Apparently, infants and small children do not digest their food thoroughly. So what we see as stinky ass, gag-oh baby caca, they see as chicken McNuggets, french fries, chocolate chip cookies, and breastmilk (another doggie fave). The vet said that he's never met a dog that didn't go nuts over baby poop for this very reason. Table scraps to them. I'm almost faint at the thought. It made me consider, for one fleeting moment, to banish the dogs to the glue factory.

And that's exactly what I wished I had done as I looked in horror at my sweet and otherwise sensible dog Alyx excitedly slurping up the brown liquid smeared all over Roman's butt cheeks. Fighting an urge to vomit right then and there, I let out a booming growl at the dogs, who scampered away, tails between their legs. I then scooped up my giggling baby and dashed up the stairs to the bathroom. As I was washing the sludge from his body, I again heard Reilly Kate wail.

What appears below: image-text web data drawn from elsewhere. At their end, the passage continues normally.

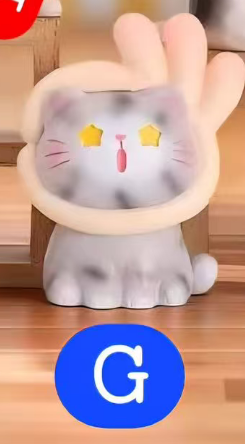 CP1 Precious Emotion Meow 0524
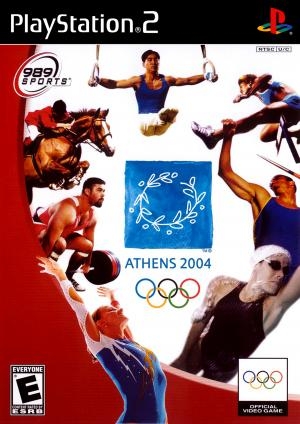 Athens 2004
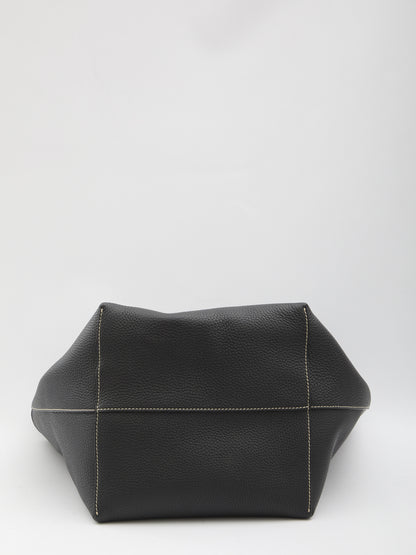 THE ROW OS park three stitch tote bag 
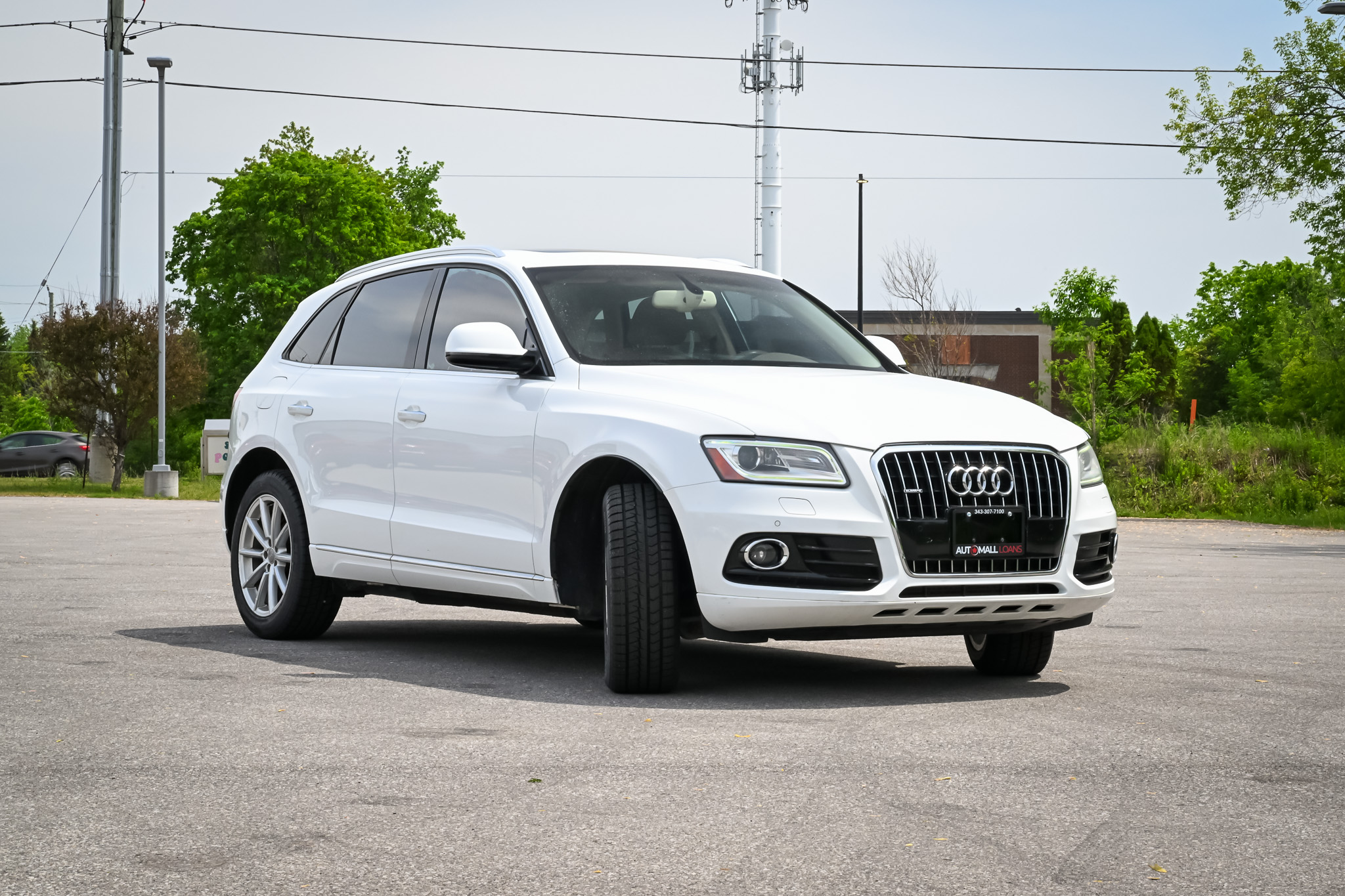 2017 Audi Q5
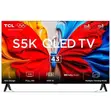 TCL 43 Inch QLED Google TV 43S5K - 1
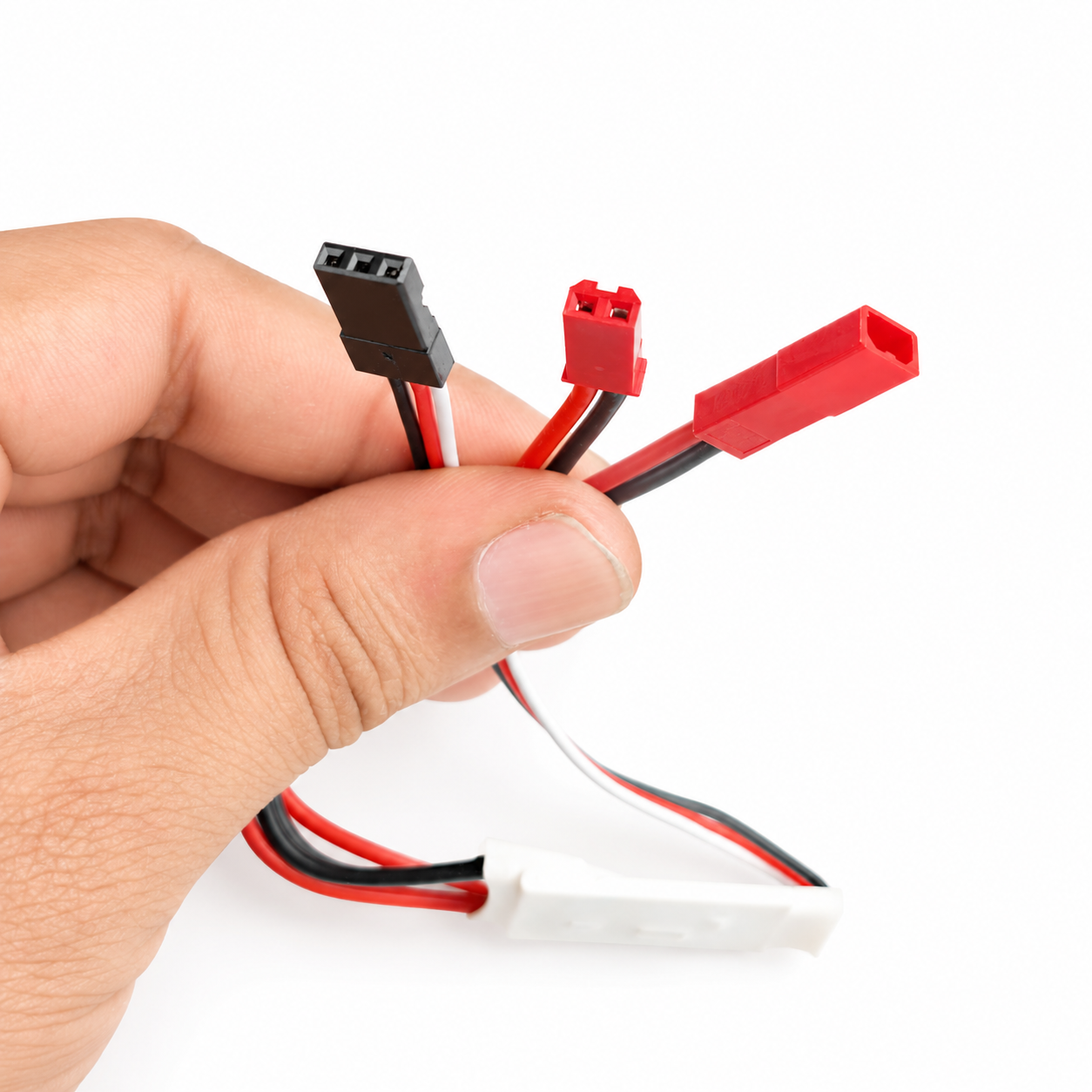5A RC TX Controlled Relay Switch PWM Receiver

"Mama! The dogs are eating his poop again! They're eating Roman's POOOOOOOOOOOOOP!"

I grabbed a towel and whisked Roman out of the tub. "Come up here and watch your brother," I commanded of Reilly.

I must have been grumbling profanity as I ran down the stairs because I passed by Alyx running up the stairs to her usual hide out under our bed. By the time I arrived on the scene of the fecal revelry, the runny poop was all but a stench wafting through the room. Truman, the canine embodiment of the Freudian principle of Id, was too immersed in the remnants of his own epicurean delight to notice that I was red hot mad and raging right toward him.

"Get into your crate!" I bellowed.

He stopped for a moment, looked up at me, then bent his snout right back down into the carpet, ignorantly licking away at the brown stain. I picked up his long torso with one hand and practically tossed him into the crate. The only thing that stopped me from actually throwing him was the thought that dachshunds have notoriously delicate backs and I didn't want to spend a couple hundred bucks on the momentary pleasure I would have gotten from manhandling a 15 pound dog. Plus, I really do love my dogs despite their preference for being baby waste treatment plants.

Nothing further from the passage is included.